The Bob's Burgers Movie was also released digitally on July 12, through digital purchase on PVOD platforms and on Hulu and HBO Max in the United States on July 12, after Disney reached a deal with WarnerMedia in December 2021 for a majority of the upcoming films from 20th Century Studios to be streamed collaboratively between Disney+, HBO Max and Hulu until HBO's deal with 20th Century, signed in 2012 before Disney's acquisition of the company, runs out at the end of 2022. The film was released on Disney+ (under the Star hub) in Canada on July 12, followed by Crave on November 12, and in Europe (excluding Poland, due to a distribution deal with Canal+ Poland for titles from 20th Century Studios), the Middle East, and Africa on July 13, while in Latin America, the film was released on Star+ on July 20.

==Reception==

=== SVOD viewership ===
According to Whip Media, The Bob's Burgers Movie was the second-most watched film across all platforms in the United States during the week of July 15, 2022. According to Nielsen, The Bob's Burgers Movie was the 5th most watched film across all platforms during the week of July 17, 2022.

===Box office===
The Bob's Burgers Movie grossed $32 million in North America, and $2.2 million in other territories, for a worldwide total of $34.2 million.

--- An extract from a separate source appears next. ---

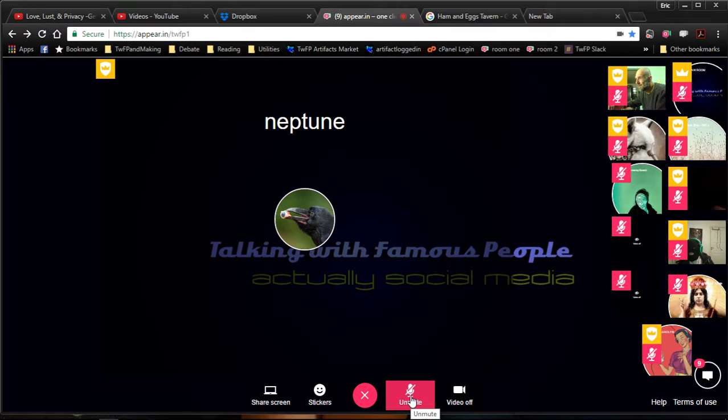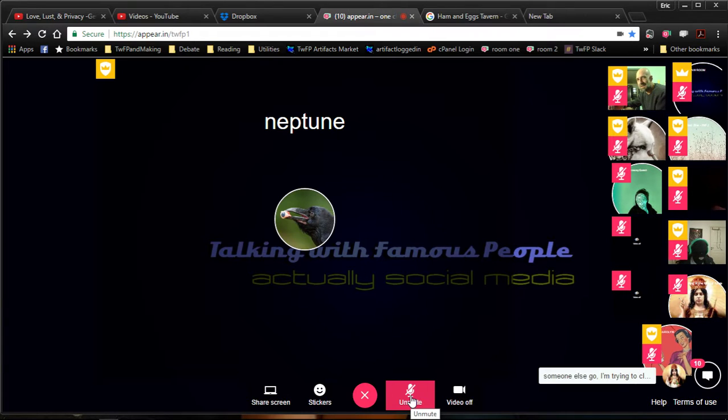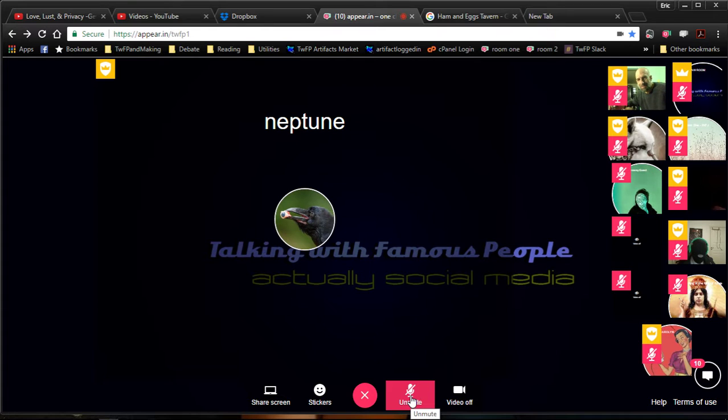So come be a famous person, or act as host and ask the questions. Participate on camera, on mic, or stay hidden and use the chat feature to interact if you prefer. We're all about autonomy around here. Regardless, the real question is, what do you want to talk about?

In North America, the film was released alongside Top Gun: Maverick, and was projected to gross $10–15 million from 3,400 theaters in its opening weekend. The film made $5.7 million on its first day, including $1.5 million from Thursday night previews. It went on to debut at $12.4 million (and $14.8 million over the four-day Memorial Day frame), finishing third at the box office. The film stayed in the box office top ten until its sixth weekend.

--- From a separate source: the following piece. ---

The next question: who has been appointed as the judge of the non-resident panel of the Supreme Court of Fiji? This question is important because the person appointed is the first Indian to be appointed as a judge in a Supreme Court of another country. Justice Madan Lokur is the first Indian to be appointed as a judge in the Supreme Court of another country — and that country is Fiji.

Outside the U.S. and Canada, the film earned $700,000 from 54 international markets in its opening weekend. It made $400,000 from eight markets in its second weekend.

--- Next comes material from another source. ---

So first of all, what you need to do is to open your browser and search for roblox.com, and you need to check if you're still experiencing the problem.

Bouchard acknowledged that the film's budget had not been formally disclosed and stated on Twitter that its production was $38 million. The film's box office earnings performed well in its own terms: Forbes highlighted that it earned $15 million in its first four days, despite expecting to earn $10 million at most. Deadline noted that around 1.1 million people watched it over its first weekend, comparable to the 1.3 million weekly regular viewers of the television series, and described the film as niche.

===Critical response===
 Metacritic, which uses a weighted average, assigned the film a score of 75 out of 100, based on 36 critics, indicating "generally favorable" reviews. Audiences polled by CinemaScore gave the film an average grade of "A" on an A+ to F scale, while PostTrak reported 89% of audience members gave it a positive score, with 69% saying they would definitely recommend it.

===Accolades===

| Award | Date of ceremony | Category | Recipient(s) | Result | Ref. |
|---|---|---|---|---|---|
| Hollywood Music in Media Awards | November 16, 2022 | Best Original Song in an Animated Film | Loren Bouchard and Nora Smith ("Sunny Side Up Summer") | Nominated |  |
| Golden Trailer Awards | June 29, 2023 | Best Digital – Animation / Family | "Hits" (The Refinery) | Nominated |  |

==Possible sequel==
Before the film's release, screenwriters Loren Bouchard and Nora Smith expressed interest in making a sequel film. The principal cast, including Benjamin, Schaal, Roberts, Mirman, and Mintz, have also expressed interest in a sequel on the film's commentary.